▶ [What this task involves]:
In the material below, the line holding "Towi Meja Altar" and every line after it should be reproduced exactly, please, with pictures omitted.

:: Materials provided ::

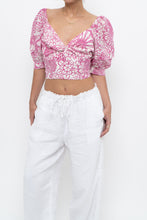 Load image into Gallery viewer, MAEVE x Pink, White Floral Back Tie Crop (M)
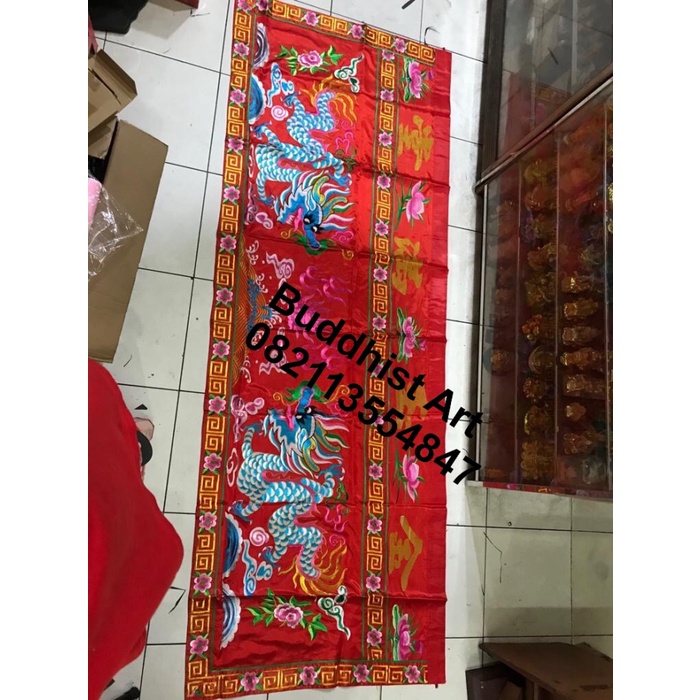 Towi Meja Altar - Towi Kain Meja Sembahyang Altar Motif Naga 2,7 Meter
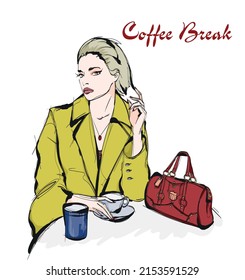 trendy girl drinking coffee and looking up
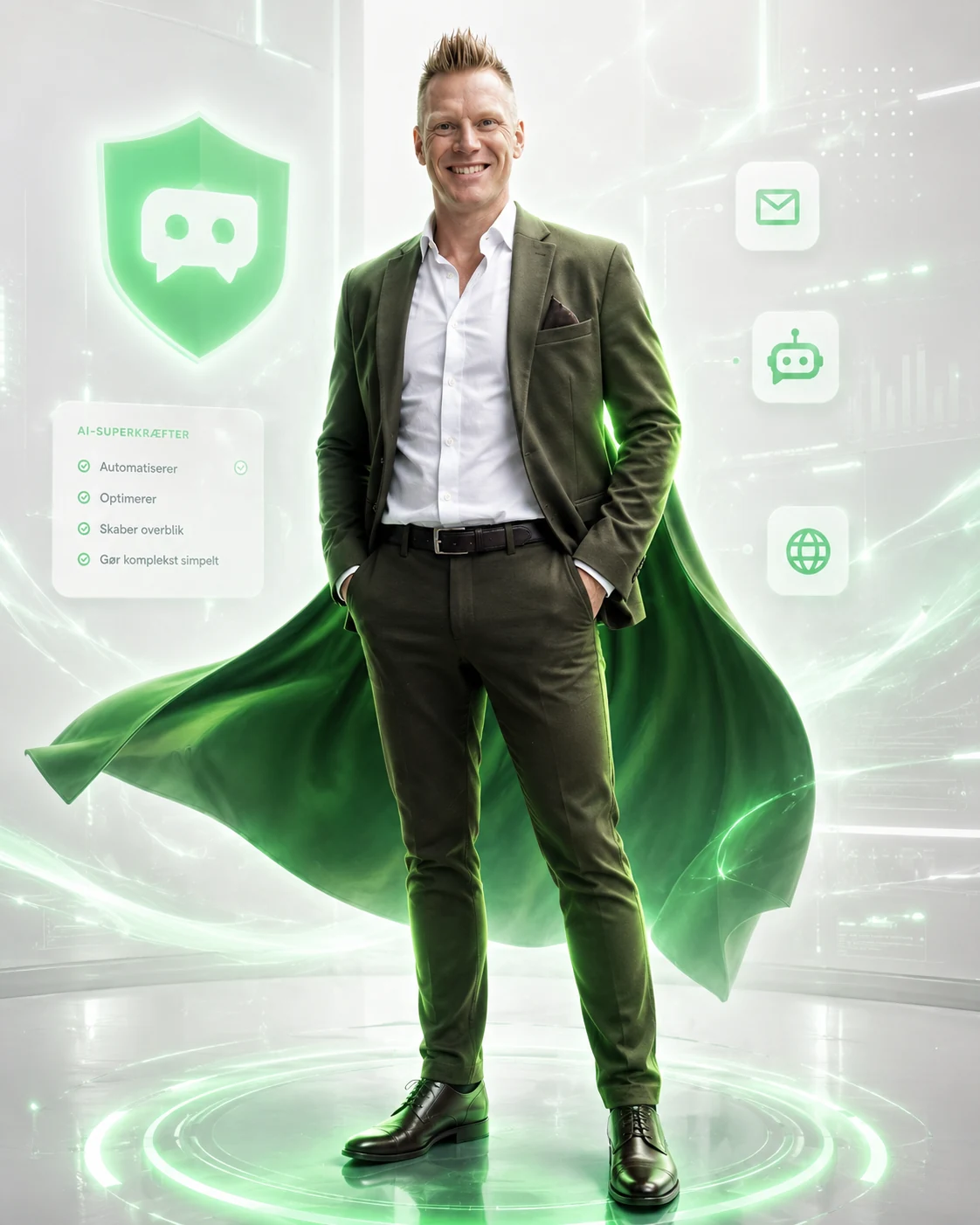 Brian Brandt, manden bag AI Hero, portrætteret som AI-superhelt med grøn kappe
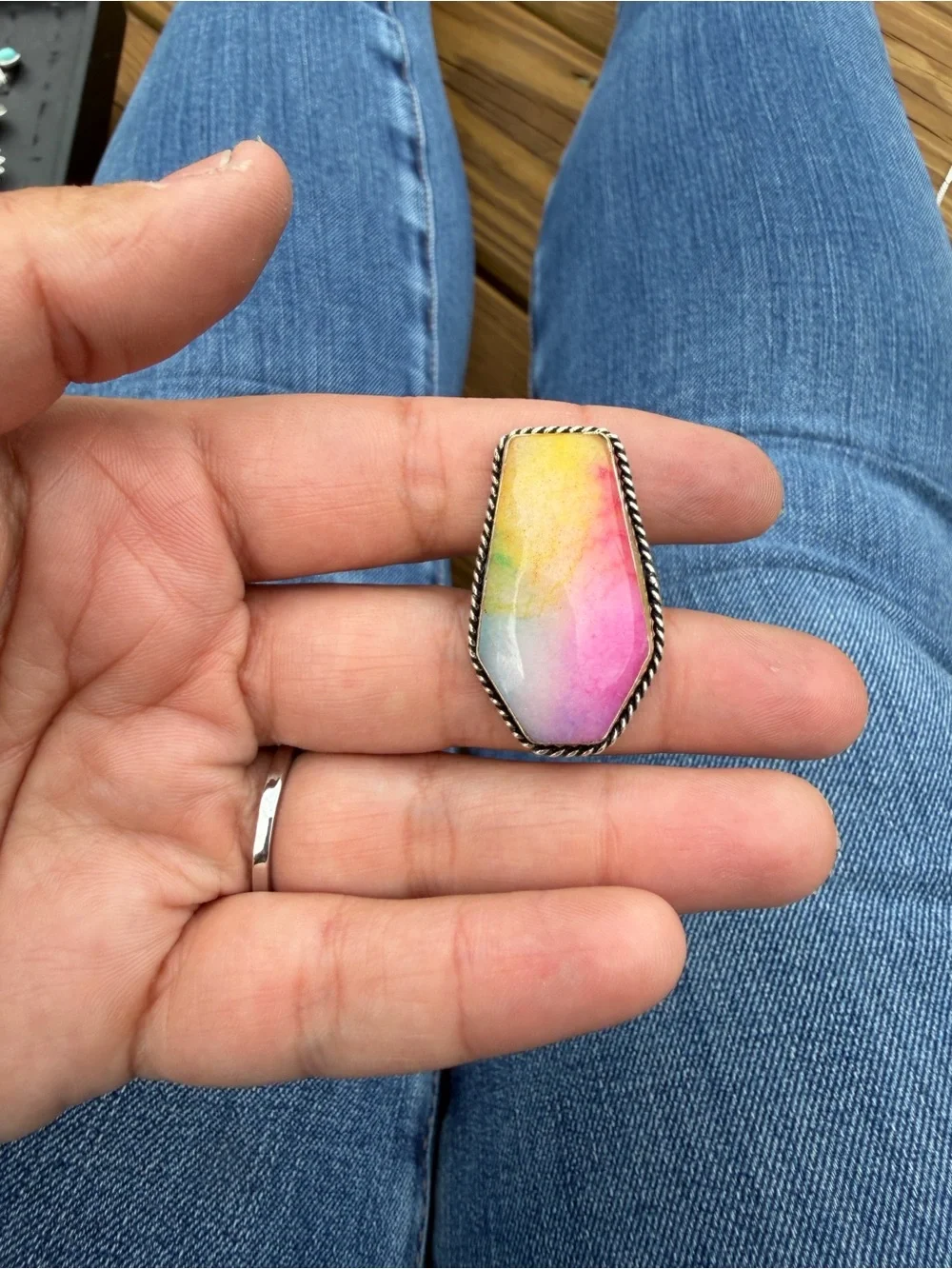 Handmade Multicolor Stone Ring with Rope Edge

:::

▶ [Response to this exercise]:
 Towi Meja Altar - Towi Kain Meja Sembahyang Altar Motif Naga 2,7 Meter
 trendy girl drinking coffee and looking up
 Brian Brandt, manden bag AI Hero, portrætteret som AI-superhelt med grøn kappe
 Handmade Multicolor Stone Ring with Rope Edge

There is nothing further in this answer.